- Royal Garden Blues
- Dr Jazz
- Beale St. Blues
- A Bientôt
- If I Had A Talking Picture Of You
- Double Check Stomp
- That Da Da Strain
- Four Or Five Times
- Who Walks In When I Walk Out
- Blue And Broken Hearted
- Dans Les Rues D'Antibes
- Water From An Ancient Well
Jim Fryer (trombone, vocals)
Jeff Barnhart (piano, vocals)
George Huxley (clarinet, soprano and alto saxophones)
Gordon Whitworth (trumpet)
Brian Mellor (banjo, guitar, vocal)
Annie Hawkins (bass)
Nick Ward (drums)
rec. May 2009 at Carnegie Theatre and Arts Centre, Workington, Cumbria
and May 2000, The Theatre By The lake, Keswick (Water From An Ancient
It’s good to see that Lake has recorded another set by the band led
by those two fine Americans, Jim Fryer and Jeff Barnhart. Once again
Cumbria was the locale and a familiar group was assembled to mesh
tightly together and run through a tried and tested repertoire.

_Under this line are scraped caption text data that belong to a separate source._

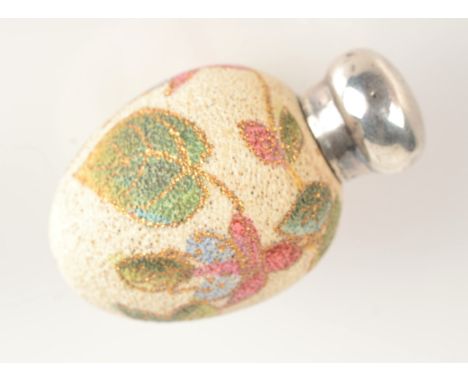 An egg shaped enamel and gilt perfume bottle, the plain silver lid with Birmingham 1888 hallmark.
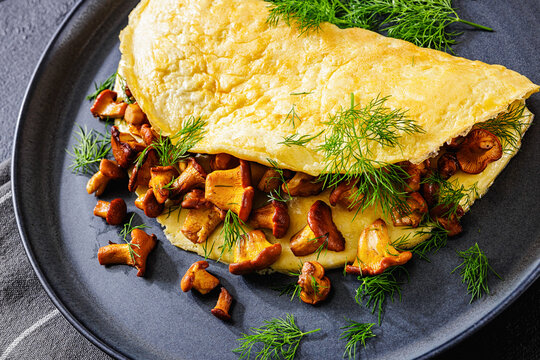 Egg omelet with fried wild chanterelles and dill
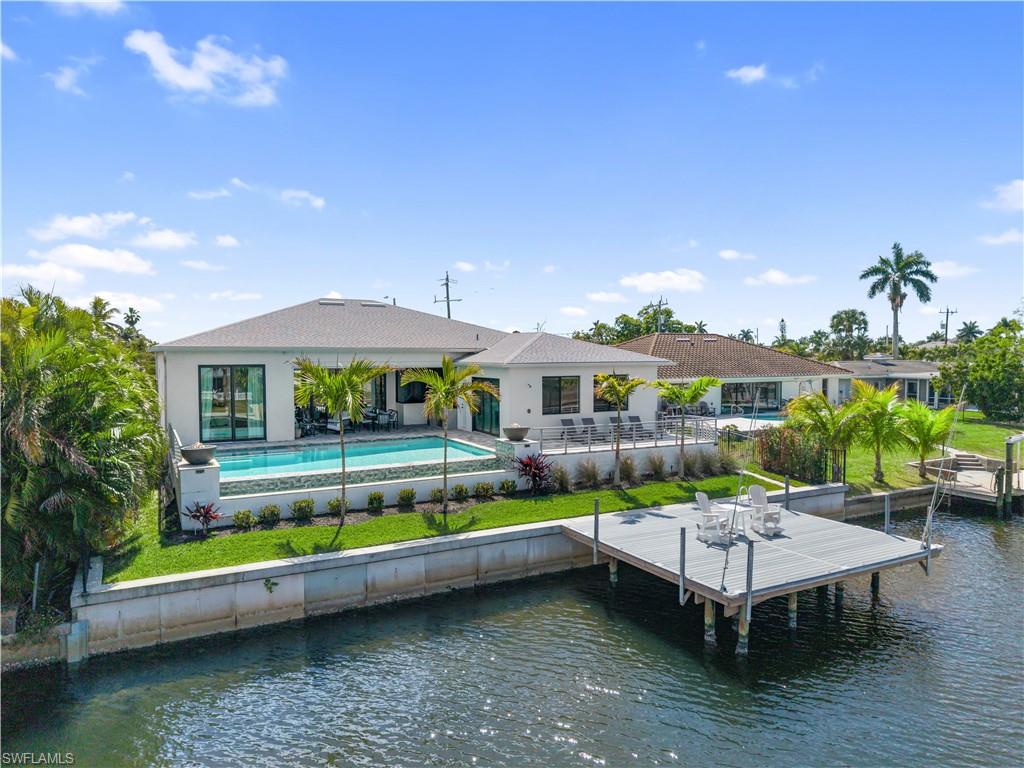 Back of house featuring a patio area, an outdoor pool, and a water view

One can always rely on a good swing from this group, an element established
from the start with Royal Garden Blues which features solid
all-round soloing. We get a pretty faithful arrangement of
Dr Jazz, with Annie Hawkins’s staunch bass work to the fore
and Barnhart’s vocal straddling the Jelly-Roll and Fats divide rather
nicely. Tempo variation is always a good thing to bring to the mix,
and the Beale Street Blues certainly qualifies, being taken
at a jaunty up-tempo and graced by a nonchalant trombone solo, a good
soprano sax entree and a Walleresque piano solo.
A Bientôt is a close cousin of Petite Fleur, a clarinet
feature here flecked with a soupcon of Gallic tristesse. Barnhart’s
piano solo here is a little reminiscent of the quasi-classical things
that Fred Hunt used to do with Alex Welsh, and it’s equally attractive.
I like the varied routines the band comes up with – the passage for
trombone over piano, for instance, in That Da Da Strian and
the way textures are resourcefully used, so that even standards don’t
pall. Gordon Whitworth’s trumpet solo on this number really bites
by the way.
Whitworth also takes a nice muted solo on Shine – though the
Them There Eyes quote was not a good idea because it seems
to infect the band (though it was probably a planned routine). Four
or Five Times is taken at a relaxed tempo and the trio that ends
the line-up consists of less well known songs. Whitworth plays from
the Wild Bill Davison trumpet hymn sheet on Blue and Broken Hearted.
The last song is a jaunty Bechet swinger. There’s also a bonus
track recorded back in 2000, which sits at a tangent really from the
programme. Fryer and Barnhart are alone here and they’ve supped from
the well of Dollar Brand or Abdullah Ibrahim on this lovely song.
A most enjoyable set then, as ever splendidly recorded.